This is not for public review, this is for Joplin development team
by reviewing your source-code on Github https://github.com/laurent22/joplin/blob/dev/packages/lib/services/e2ee/EncryptionService.ts, i found the below code snippet
const handlers: Record<EncryptionMethod, ()=> string> = {
// 2020-01-23: Deprecated and no longer secure due to the use og OCB2 mode - do not use.
[EncryptionMethod.SJCL]: () => {
try {
// Good demo to understand each parameter: https://bitwiseshiftleft.github.io/sjcl/demo/
return sjcl.json.encrypt(key, plainText, {
v: 1, // version
iter: 1000, // Defaults to 1000 in sjcl but since we're running this on mobile devices, use a lower value. Maybe review this after some time. https://security.stackexchange.com/questions/3959/recommended-of-iterations-when-using-pkbdf2-sha256
ks: 128, // Key size - "128 bits should be secure enough"
ts: 64, // ???
mode: 'ocb2', // The cipher mode is a standard for how to use AES and other algorithms to encrypt and authenticate your message. OCB2 mode is slightly faster and has more features, but CCM mode has wider support because it is not patented.
// "adata":"", // Associated Data - not needed?
cipher: 'aes',
});
} catch (error) {
throw this.wrapSjclError(error);
}
},
It shows that on 2023-01-23, some developer comments not to use OCB2 cipher-mode https://en.wikipedia.org/wiki/OCB_mode as it is not secure. This is correct, as it is well-known that this mode has been attacked. However, it still there in code.
Now, i see some code blocks that use ocb2 mode with aes 128 as above block, and other blocks that use ccm mode with aes 256.
I know that Joplin team has reverted back to aes 128 for performance reasons, which is ok, but did you revert back to the old insecure cipher-mode ocb2?
My Questions: Which cipher mode is currently used in the official executable available on Joplin download page https://joplinapp.org/download/? (ocb2 or ccm) What key size is currently used? (256 or 128)
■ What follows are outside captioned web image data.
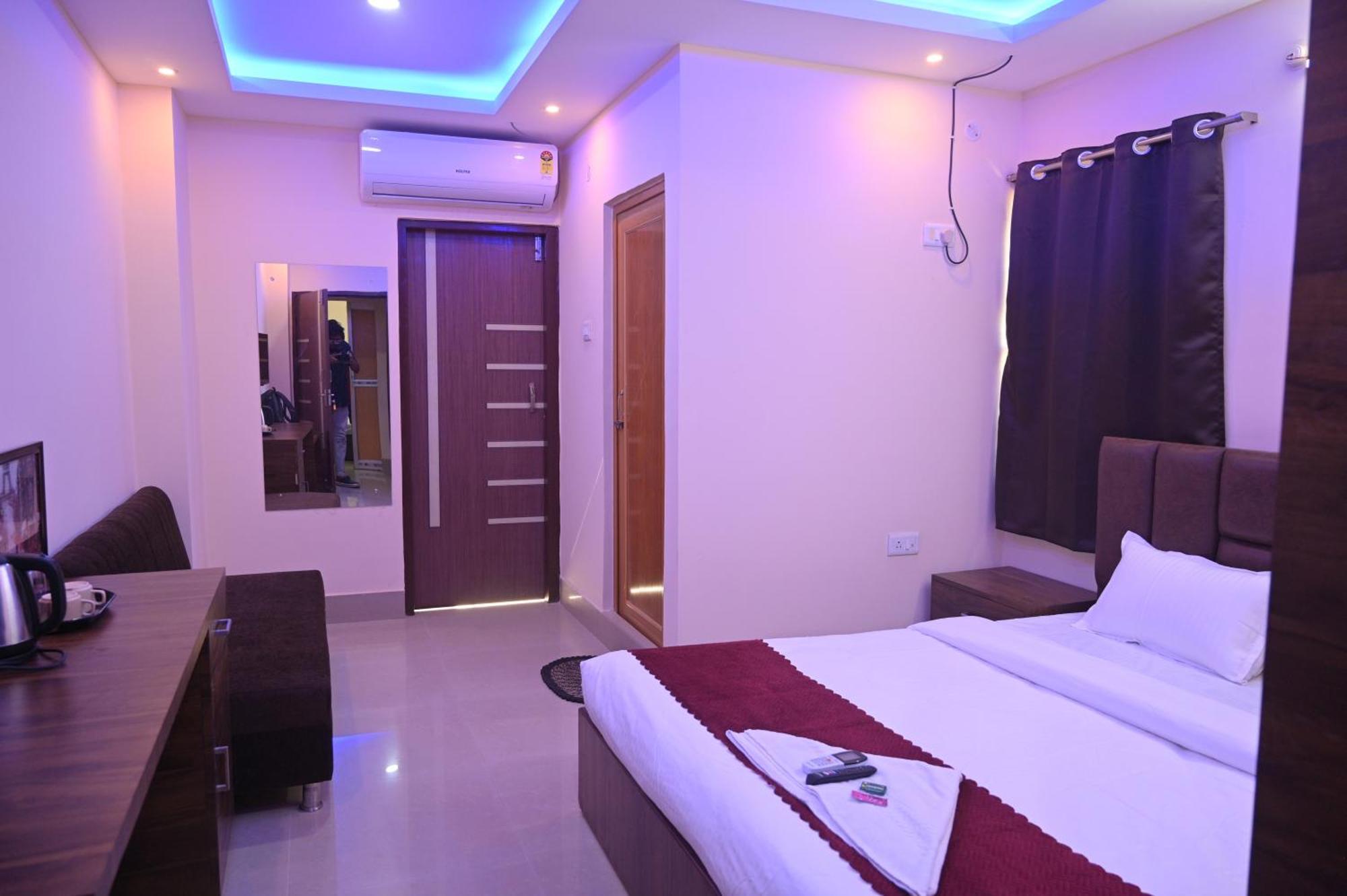 Sunflower Guest House กูวาฮาติ ภายนอก รูปภาพ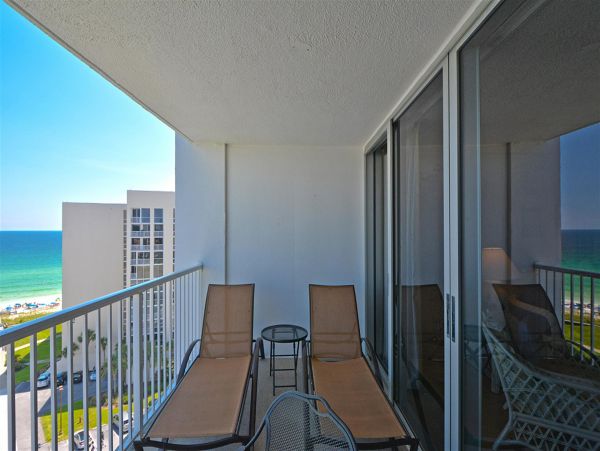 Lovely 2 Bedroom Vacation Condo Full Ocean Views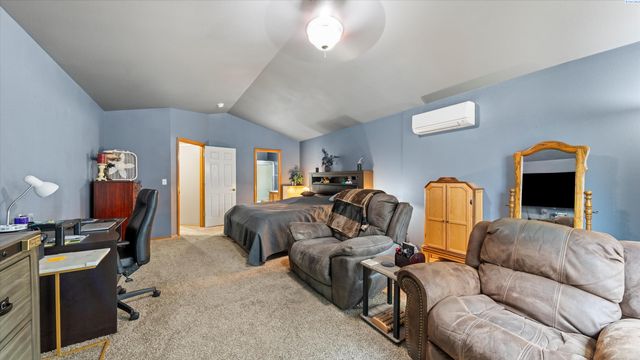 2327 N Rhode Island, Kennewick, WA 99336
We don't use deprecated encryption methods to encrypt new notes, however we leave the method in the code in case a user has old notes encrypted with that method.
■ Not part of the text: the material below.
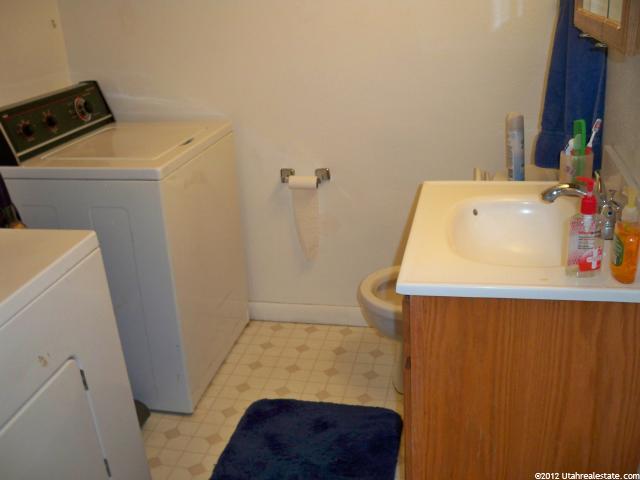 7093 S Terrell Cir, Midvale, UT 84047 — photo 9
It's probably not necessary but to be sure you can go to the Encryption config screen then, under Advanced options, click "Reencrypt data". Please note that it means all your notes will be uploaded again to your sync target
Is there a way to check to see if you have any notes encrypted the "old way"? I'd rather not reencrypt everything if there is another way to go about ensuring the latest encryption is applied to all my notes.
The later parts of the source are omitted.